Immune responses result from different immune cells acting in synergy to successfully fight infections. This requires a high degree of regulation to prevent excessive production of inflammatory products leading to other disease forms. Regulatory B cells are classified based on surface immunoglobulin expression. These cells are reported to resolve inflammation during chronic or autoimmune diseases. However, during chronic inflammation, their frequencies have been shown to be affected, and they can be induced by exposure to extracellular binding immunoglobulin protein (BiP). This review focuses on the effects on immune cells by extracellular or secreted BiP during various chronic inflammatory responses. For example, cell stress associated with Mycobacterium tuberculosis infection leads to accumulation of unfolded proteins that subsequently activate BiP and its three signal transducers intracellularly. Furthermore, BiP can be translocated from the endoplasmic reticulum to the extracellular environment where it binds immune cells as an autoantigen and leads to functional changes.

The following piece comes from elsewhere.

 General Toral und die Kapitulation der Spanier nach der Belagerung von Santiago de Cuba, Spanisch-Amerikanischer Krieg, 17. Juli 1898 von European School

机译:免疫反应是由不同的免疫细胞协同作用以成功抵抗感染而产生的。这需要高度的调节以防止导致其他疾病形式的炎性产物的过量产生。根据表面免疫球蛋白的表达对调节性B细胞进行分类。据报道,这些细胞可解决慢性或自身免疫性疾病中的炎症。但是,在慢性炎症期间,已证明它们的频率受到影响,并且可以通过暴露于细胞外结合免疫球蛋白(BiP)来诱导它们。这篇综述集中在各种慢性炎症反应过程中,细胞外或分泌的BiP对免疫细胞的影响。例如,与结核分枝杆菌感染有关的细胞应激导致未折叠蛋白质的积累,随后蛋白质在细胞内激活BiP及其三个信号转导子。此外,BiP可以从内质网转移到细胞外环境,在那里它结合免疫细胞作为自身抗原并导致功能改变。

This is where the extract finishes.